Виктор слыхал о ней и раньше: она поддерживала связи с товарищами, привлеченными в 1897 году по делу столичного «Союза борьбы», с Виктором Катиным-Ярцевым и с другими. Знаком ей был и лондонец Николай Алексеев — в те годы студент Военно-медицинской академии. Она отбыла два года ссылки в Вятской губернии, и тамошний губернатор дал ей лестную характеристику: «Поведения подозрительного и весьма неблагонадежна в политическом отношении». В Полтаве она жила, когда Виктор сбежал в Цюрих. При ней Мартов получил книгу, из переплета которой извлек первый номер долгожданной «Искры».

Теперь пути Конкордии и Виктора пересеклись. Она уехала в Одессу, чтобы ждать там Ногина. Сверили явки, решили встретиться на квартире у Шемшелевича, который симпатизировал «Искре».

Виктор раскрыл томик Тана. На полях и между строк первых страниц оказалось длиннейшее послание. Почерк принадлежал Крупской, а нотация, — несомненно, Ленину: в выражениях довольно резких он резюмировал позицию редакторов «Искры» о плане «завоевания» Питера.

«Только что получили письмо с планом брата Пахомия, Яблочкова и Брускова. Не можем скрыть, что мы не только не можем согласиться ни с одной частью этого плана (хотя о первой еще можно спорить), но были прямо-таки удивлены им, особенно второй частью; 1) ехать всем в Питер, 2) устроить районный орган русской организации «Искры». Настолько поражены, что наперед извиняемся, если в дальнейшем изложении проскользнет слишком резкое слово.

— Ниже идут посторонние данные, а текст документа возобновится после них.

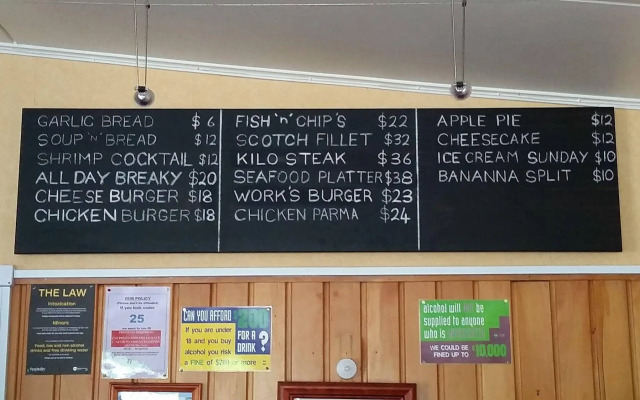 Mahoe Motel Bar n Grill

Это что-то невероятное! После целого года отчаянных усилий удается только-только начать группировать для этой громадной и самой насущной задачи штаб руководителей и организаторов в России (этот штаб еще страшно мал, ибо у нас, кроме упомянутых трех лиц, еще два-три человека, а для общерусского органа требуется не один десяток таких энергичных сотрудников, понимая это слово не только в литературном смысле), и вдруг опять рассыпать храмину и возвращаться к старому кустарничеству! Более самоубийственной тактики для «Искры» я не могу себе и представить! Районный орган подобно существующему «Южному Рабочему» — это значит опять затратить сызнова массу средств и людей на редакцию, технику, экспедицию и проч., и ради чего? Ради пяти номеров в ? года! Да и этого теперь он ни за что не достигнет в 1? г., ибо «Южный Рабочий» имел то преимущество, что его создавал стоявший в апогее развития, сложившийся уже Комитет, т. е. целая организация. Вас пока только трое. Ради того, чтобы вместо борьбы с той узостью, которая заставляет питерца забывать о Москве, москвича о Питере, киевлянина о всем, кроме Киева, вместо приучения людей (их надо годами приучать к этому, если мы хотим образовать заслуживающую этого названия политическую партию) к ведению общерусского дела, — вместо этого поощрять опять кустарническую работу, местную узость и развитие вместо общерусской — какой-нибудь пошехонской социал-демократии, — это будет ничем иным, как пошехонством, это не может быть ничем иным. По опыту убедились, как у нас мало сил для образования действительно политического органа, как мало сотрудников, репортеров, мало людей с политическими связями, мало практиков техники и экспедиции.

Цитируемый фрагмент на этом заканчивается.